> Work instruction
Using the data that follows, return exactly the lines from the one that contains "Cargo Net for" through the one that contains "Рахматов Муинджон Муроджонович", ends included.

> Excerpted records
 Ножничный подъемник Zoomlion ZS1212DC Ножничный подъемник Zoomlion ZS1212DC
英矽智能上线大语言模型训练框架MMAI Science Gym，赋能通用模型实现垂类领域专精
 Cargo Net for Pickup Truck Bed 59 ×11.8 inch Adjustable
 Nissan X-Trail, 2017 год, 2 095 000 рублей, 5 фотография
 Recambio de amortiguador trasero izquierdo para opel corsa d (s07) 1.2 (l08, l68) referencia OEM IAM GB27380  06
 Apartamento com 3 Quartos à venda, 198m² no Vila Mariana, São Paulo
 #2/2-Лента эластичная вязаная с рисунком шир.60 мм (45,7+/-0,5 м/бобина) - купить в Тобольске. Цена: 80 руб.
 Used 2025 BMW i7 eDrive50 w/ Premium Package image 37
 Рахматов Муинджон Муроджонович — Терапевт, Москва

---

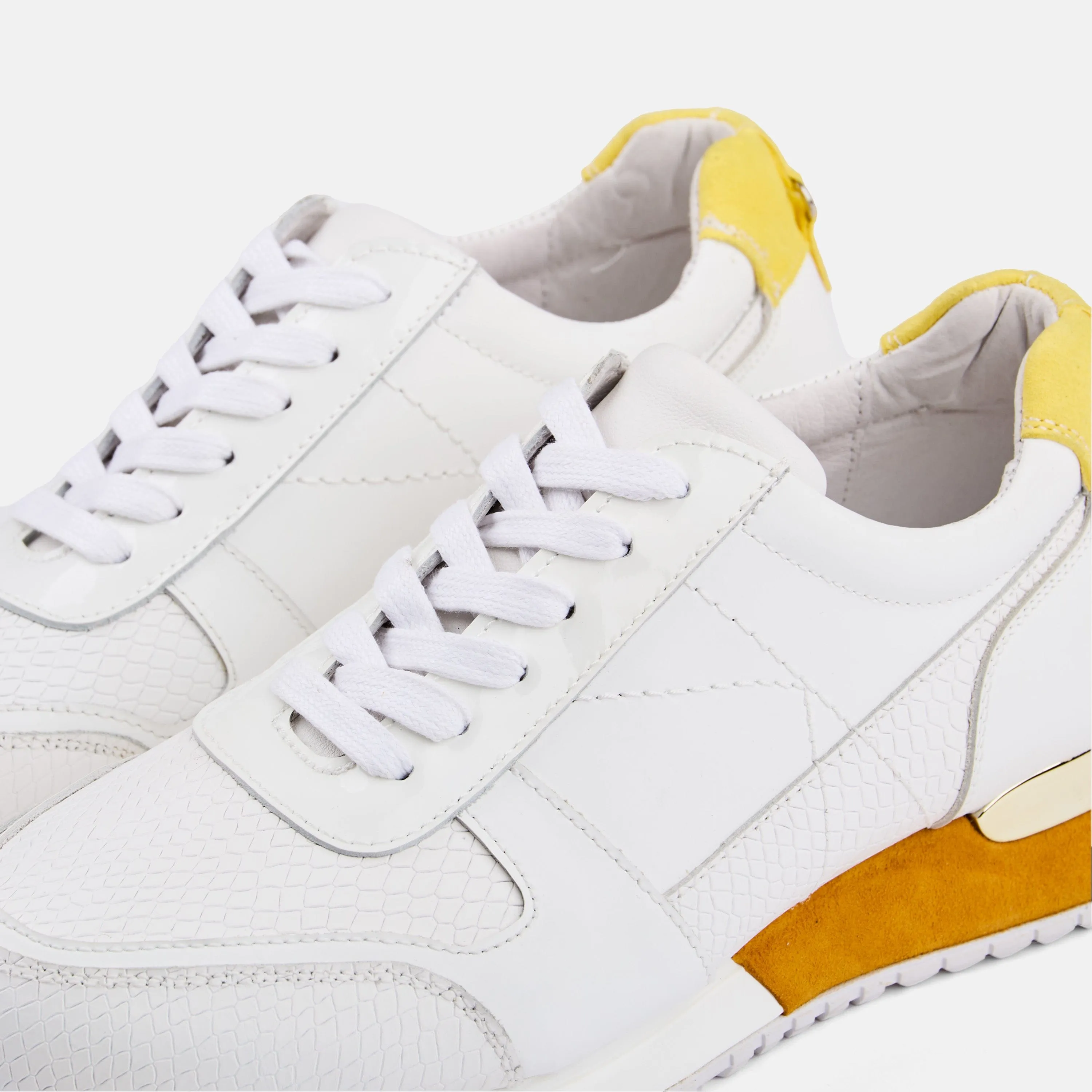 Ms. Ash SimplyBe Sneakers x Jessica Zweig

* * *

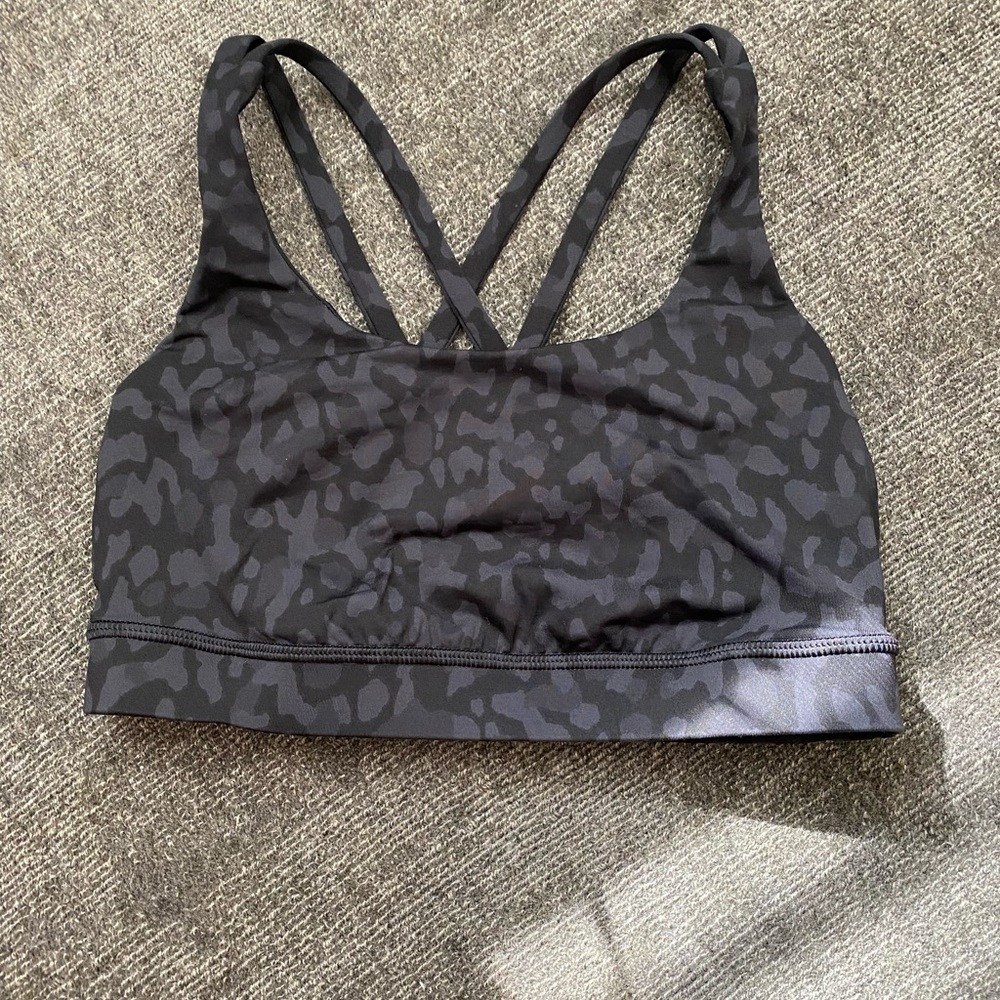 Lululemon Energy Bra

> Exercise output
 Cargo Net for Pickup Truck Bed 59 ×11.8 inch Adjustable
 Nissan X-Trail, 2017 год, 2 095 000 рублей, 5 фотография
 Recambio de amortiguador trasero izquierdo para opel corsa d (s07) 1.2 (l08, l68) referencia OEM IAM GB27380  06
 Apartamento com 3 Quartos à venda, 198m² no Vila Mariana, São Paulo
 #2/2-Лента эластичная вязаная с рисунком шир.60 мм (45,7+/-0,5 м/бобина) - купить в Тобольске. Цена: 80 руб.
 Used 2025 BMW i7 eDrive50 w/ Premium Package image 37
 Рахматов Муинджон Муроджонович — Терапевт, Москва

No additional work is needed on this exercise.